- [Exercise aim]: Transcribe, starting at the line with "Interruttore elettrico scatole" and ending at the line with "More Photos Of", every line of the material below exactly, but leave out the pictures and anything outside that span.

- [Input material]:

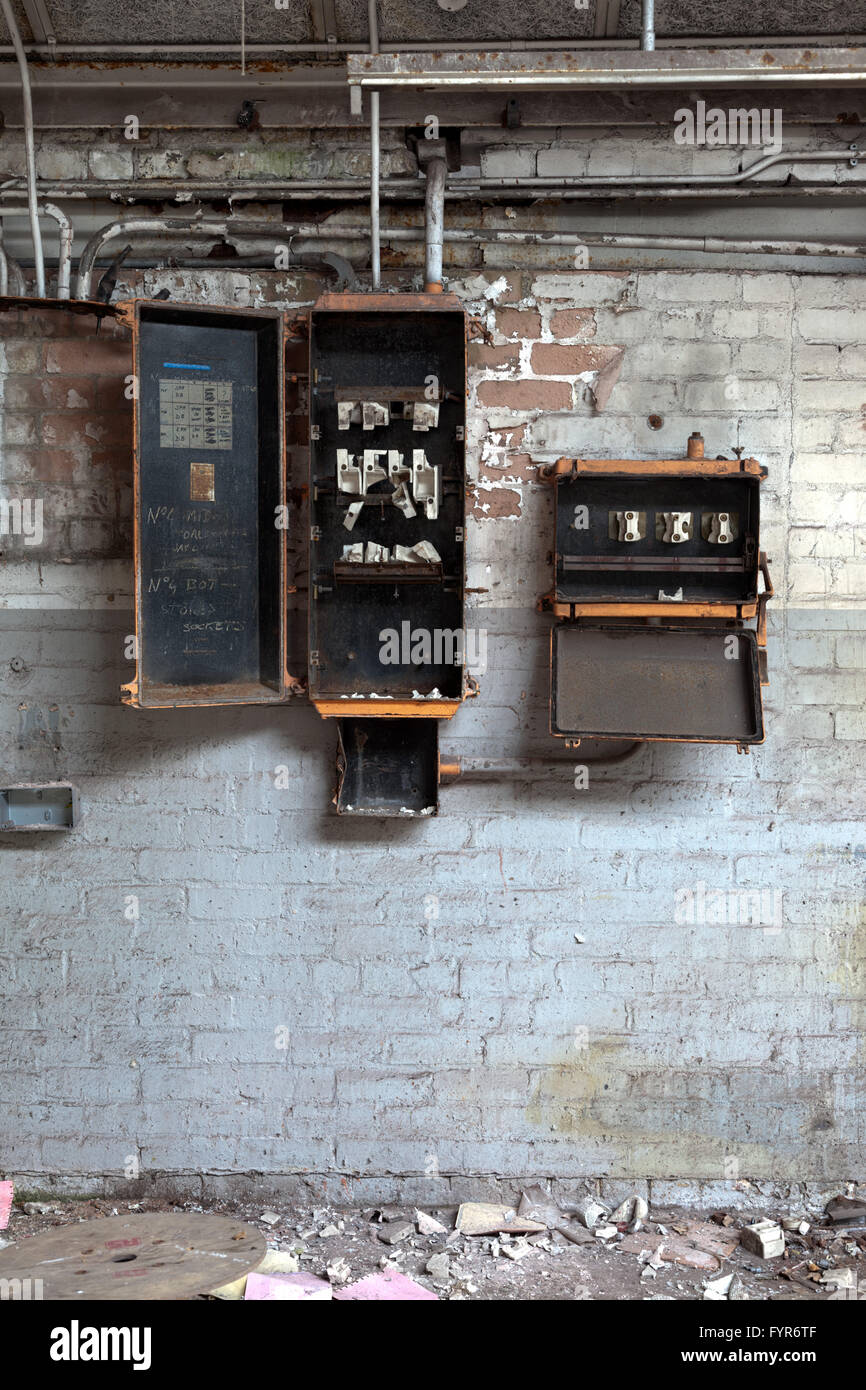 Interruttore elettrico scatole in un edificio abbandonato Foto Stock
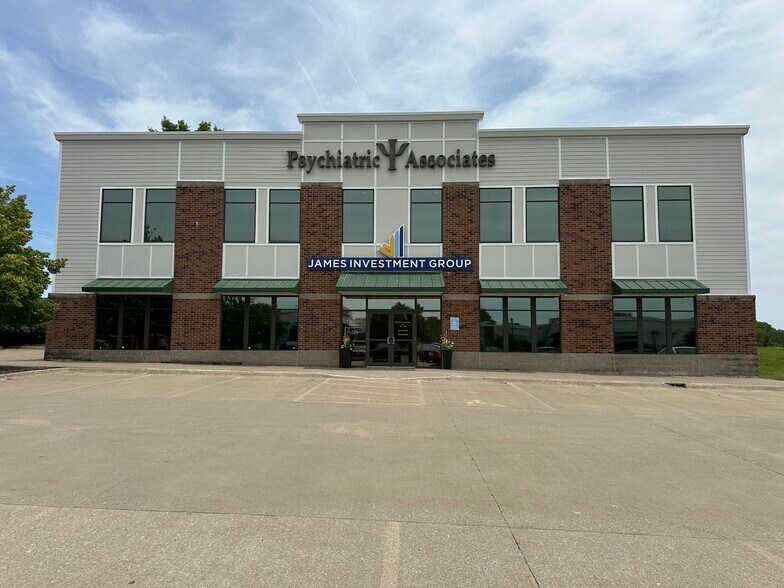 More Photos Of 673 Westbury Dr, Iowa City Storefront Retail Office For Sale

--

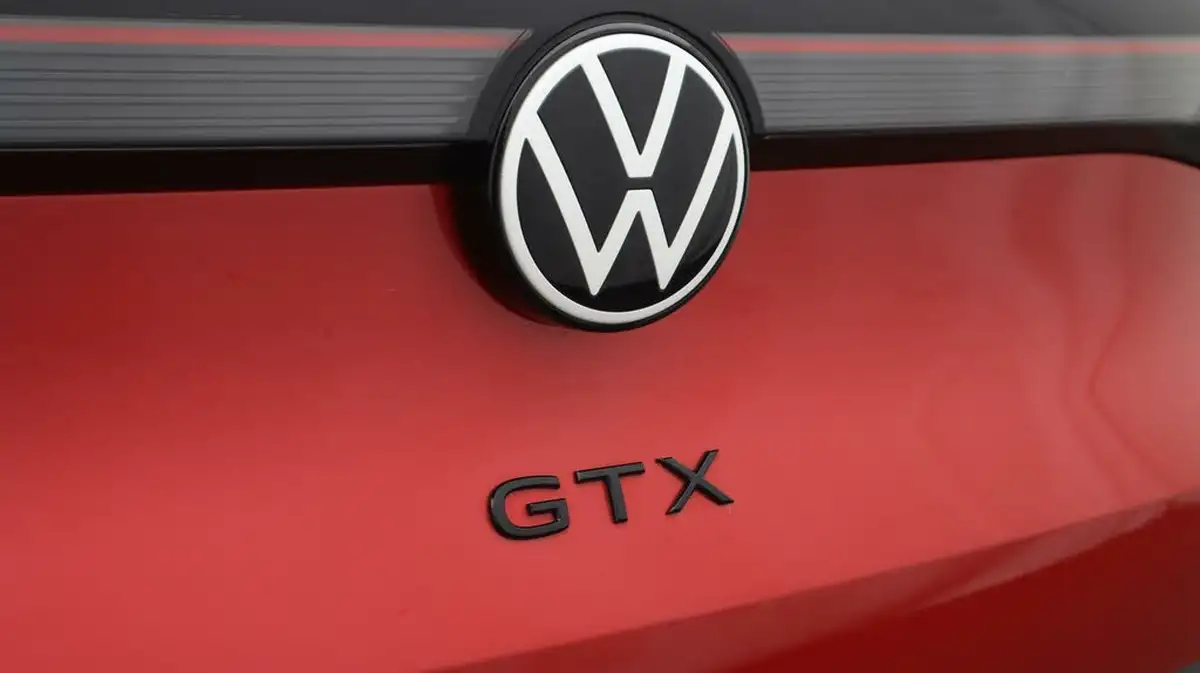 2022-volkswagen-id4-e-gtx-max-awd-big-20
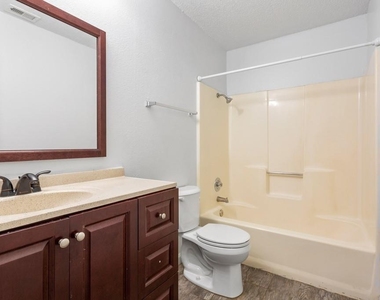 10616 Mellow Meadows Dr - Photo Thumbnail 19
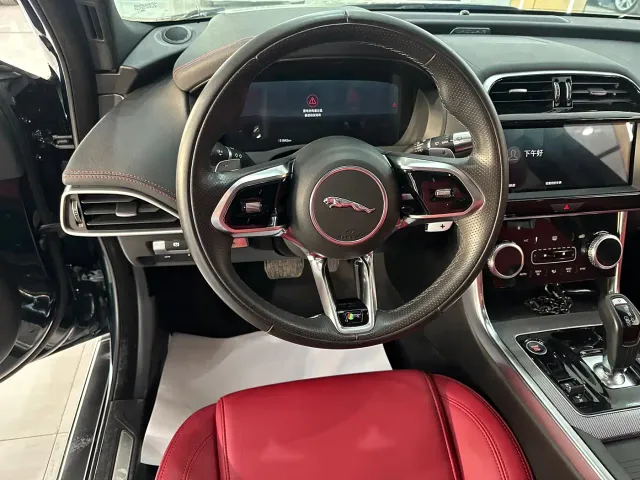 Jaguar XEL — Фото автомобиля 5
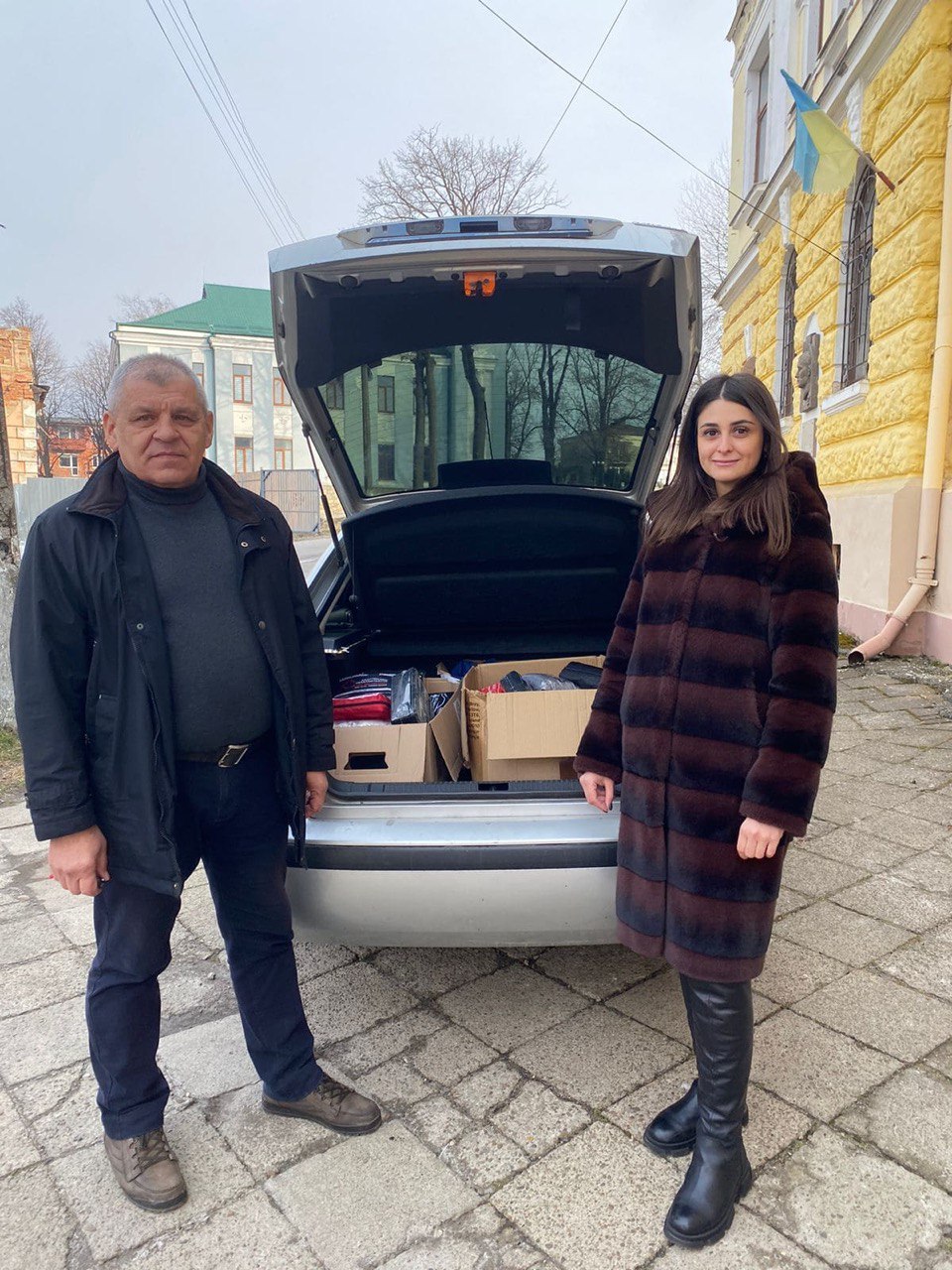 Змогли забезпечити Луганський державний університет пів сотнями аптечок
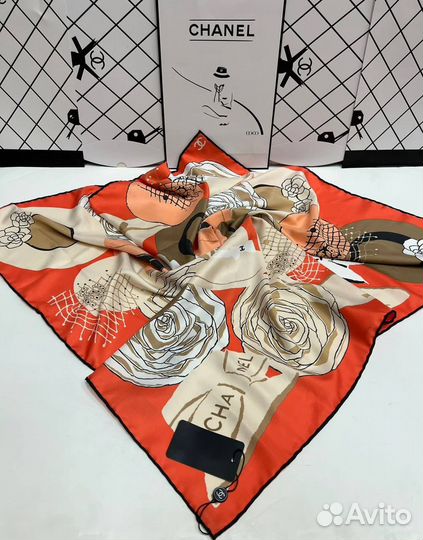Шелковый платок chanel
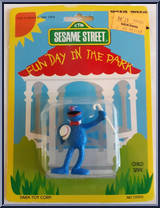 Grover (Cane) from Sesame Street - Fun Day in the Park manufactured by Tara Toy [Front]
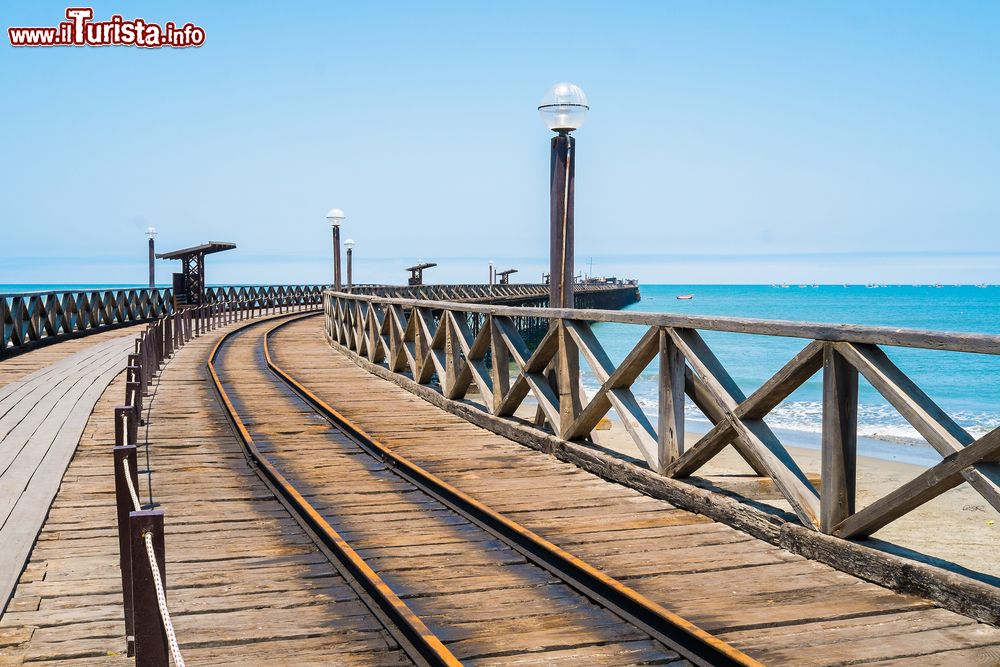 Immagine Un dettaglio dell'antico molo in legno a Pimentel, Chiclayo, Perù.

- [Exercise output]:
 Interruttore elettrico scatole in un edificio abbandonato Foto Stock
 More Photos Of 673 Westbury Dr, Iowa City Storefront Retail Office For Sale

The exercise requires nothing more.